- _EXERCISE_: Go through the data line by line from the top, retyping each exactly, and end with the line that contains "Sportstirnband mit verschiedenen".

*** Opening of ENTRIES PROVIDED ***

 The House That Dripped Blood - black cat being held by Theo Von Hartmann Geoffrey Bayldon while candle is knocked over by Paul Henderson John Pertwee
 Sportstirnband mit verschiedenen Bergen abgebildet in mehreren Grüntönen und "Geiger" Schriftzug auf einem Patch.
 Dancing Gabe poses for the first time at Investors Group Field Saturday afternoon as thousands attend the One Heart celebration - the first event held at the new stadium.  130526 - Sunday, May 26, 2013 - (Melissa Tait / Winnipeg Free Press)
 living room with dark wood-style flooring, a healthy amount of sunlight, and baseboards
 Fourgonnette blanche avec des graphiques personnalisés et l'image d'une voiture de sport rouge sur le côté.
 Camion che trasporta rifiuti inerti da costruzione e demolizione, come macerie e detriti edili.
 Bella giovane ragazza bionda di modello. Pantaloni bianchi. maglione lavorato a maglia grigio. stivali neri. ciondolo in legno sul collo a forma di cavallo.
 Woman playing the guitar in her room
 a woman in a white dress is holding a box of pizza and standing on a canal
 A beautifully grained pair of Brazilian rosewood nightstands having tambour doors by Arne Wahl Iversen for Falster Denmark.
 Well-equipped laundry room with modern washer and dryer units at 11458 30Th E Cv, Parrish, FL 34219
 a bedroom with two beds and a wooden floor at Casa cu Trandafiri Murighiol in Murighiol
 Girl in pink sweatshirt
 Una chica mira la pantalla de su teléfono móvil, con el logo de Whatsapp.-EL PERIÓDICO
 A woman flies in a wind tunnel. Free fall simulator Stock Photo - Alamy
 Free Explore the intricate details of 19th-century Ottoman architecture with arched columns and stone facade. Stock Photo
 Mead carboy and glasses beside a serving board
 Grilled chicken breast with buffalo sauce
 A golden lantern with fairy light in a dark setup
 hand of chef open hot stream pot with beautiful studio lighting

*** Close of ENTRIES PROVIDED ***

- _OUTPUT_:
 The House That Dripped Blood - black cat being held by Theo Von Hartmann Geoffrey Bayldon while candle is knocked over by Paul Henderson John Pertwee
 Sportstirnband mit verschiedenen Bergen abgebildet in mehreren Grüntönen und "Geiger" Schriftzug auf einem Patch.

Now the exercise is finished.